Eschweiler/Stolberg-Werth. Nach dem Ortstermin am Montag bemüht sich der Landtagsabgeordnete Stefan Kämmerling (SPD) um einen gemeinsamen Besichtigungstermin mit Stadt, Städteregion und Landesbetrieb Straßenbau NRW. Die Verkehrssituation auf der Landesstraße 11 an der Ecke Schillerstraße in Höhe des Stadtteils Werth – also in direkter Nähe zu Hastenrath/Scherpenseel stellt er dabei als „nicht hinnehmbare“ Gefährdung dar.
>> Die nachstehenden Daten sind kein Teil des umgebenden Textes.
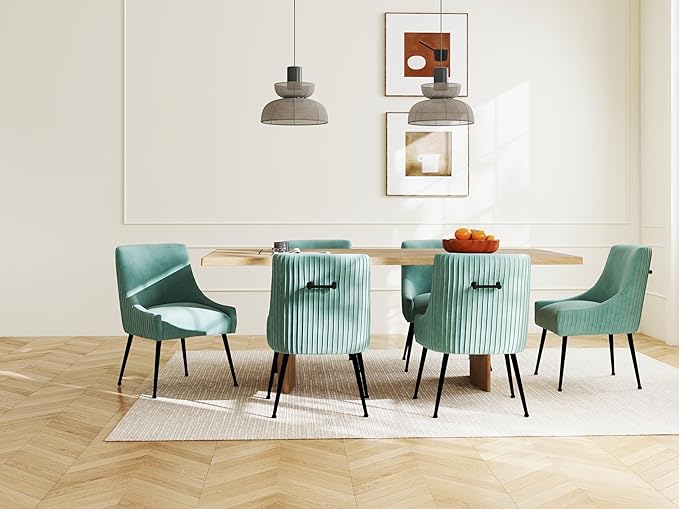 Velvet Dining Chairs Set of 2,Green Upholstered Living Room Chairs with Black Metal Legs, Modern Tufted Accent Chairs for Living Room, Study Room, Kitchen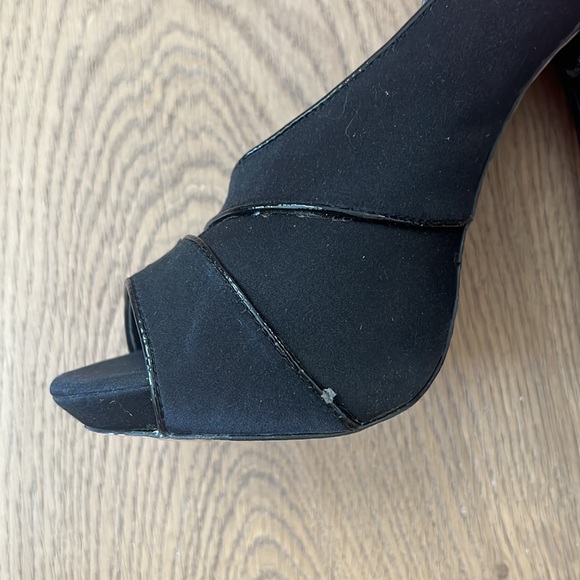 Betsey Johnson Women's Whitney 8 Worn Twice - Picture 9 of 9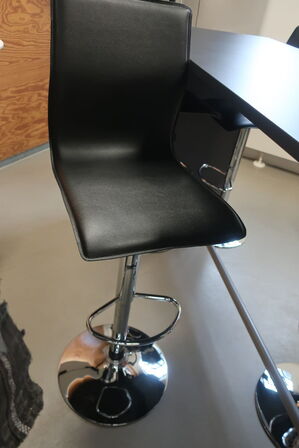 Højbord inkl. 4 barstole - 180x70 cm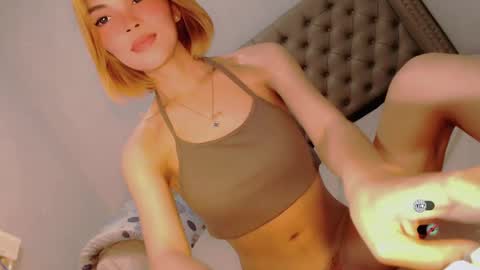 Snapshot of bella_tara chatting on 02-07-25, 07:40 Bella online show from 02-07-25, 07:40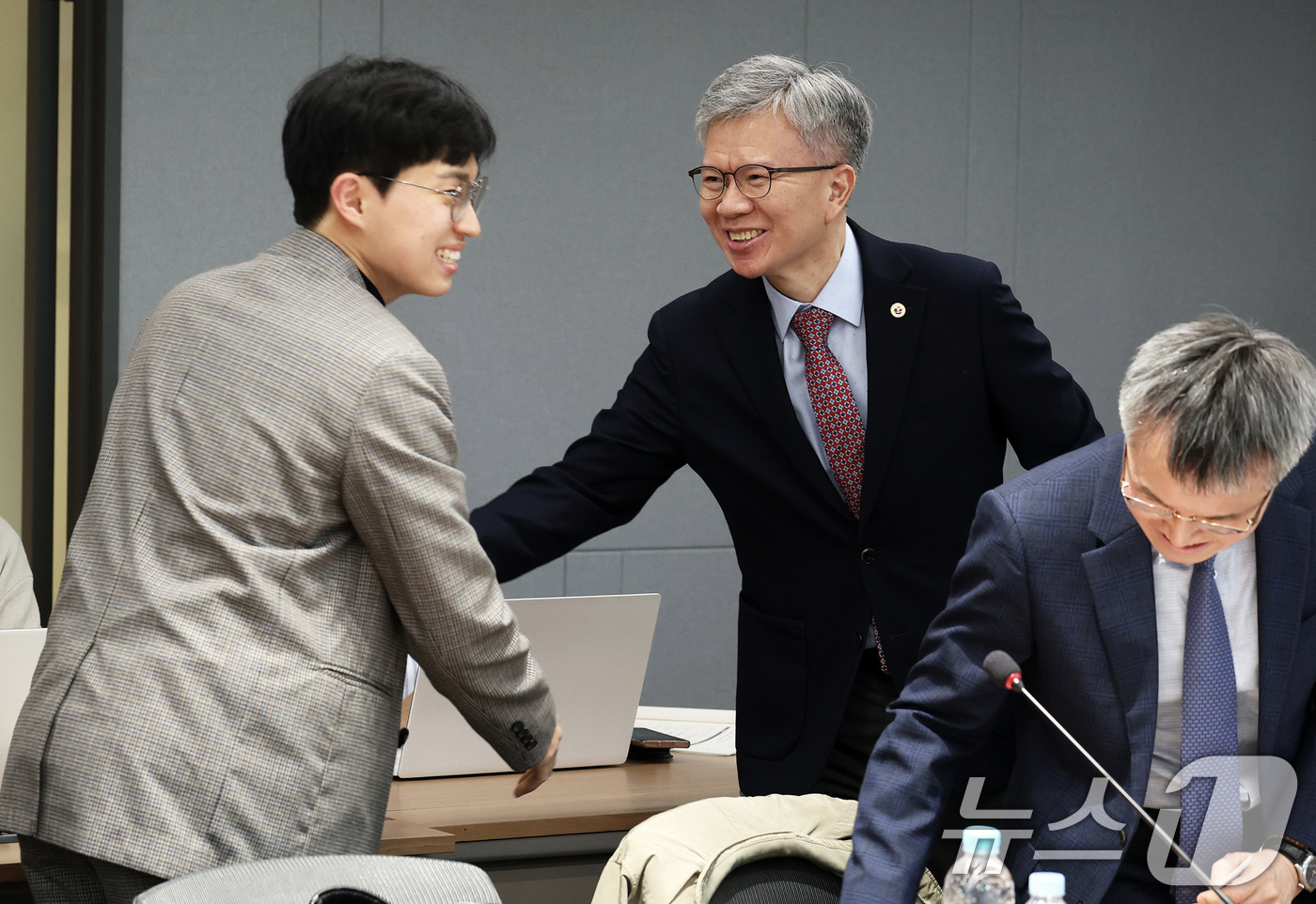 (서울=뉴스1) 오대일 기자 = 김택우 대한의사협회 회장이 24일 오후 서울 용산구 대한의사협회 대회의실에서 열린 의료정책연구원 주최 '의대 증원과 의학교육 문제' 포럼에서 패널로 …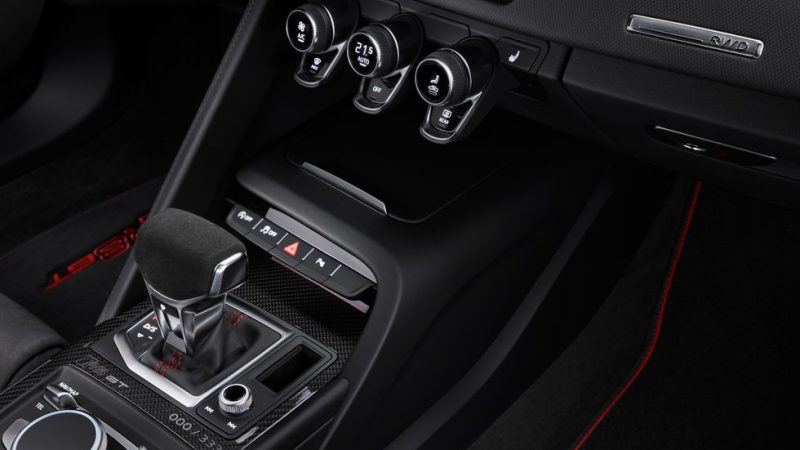 Audi R8 V10 Coupe gear stick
Bürger, die die Landesstraße zur Bushaltestelle überqueren müssten, seien bei schlechten Lichtverhältnissen noch mehr gefährdet. Das betreffe morgens vor allem Schüler, schreibt Kämmerling, der die Bedenken von Bürgern und Kommunalpolitikern ausdrücklich teilt.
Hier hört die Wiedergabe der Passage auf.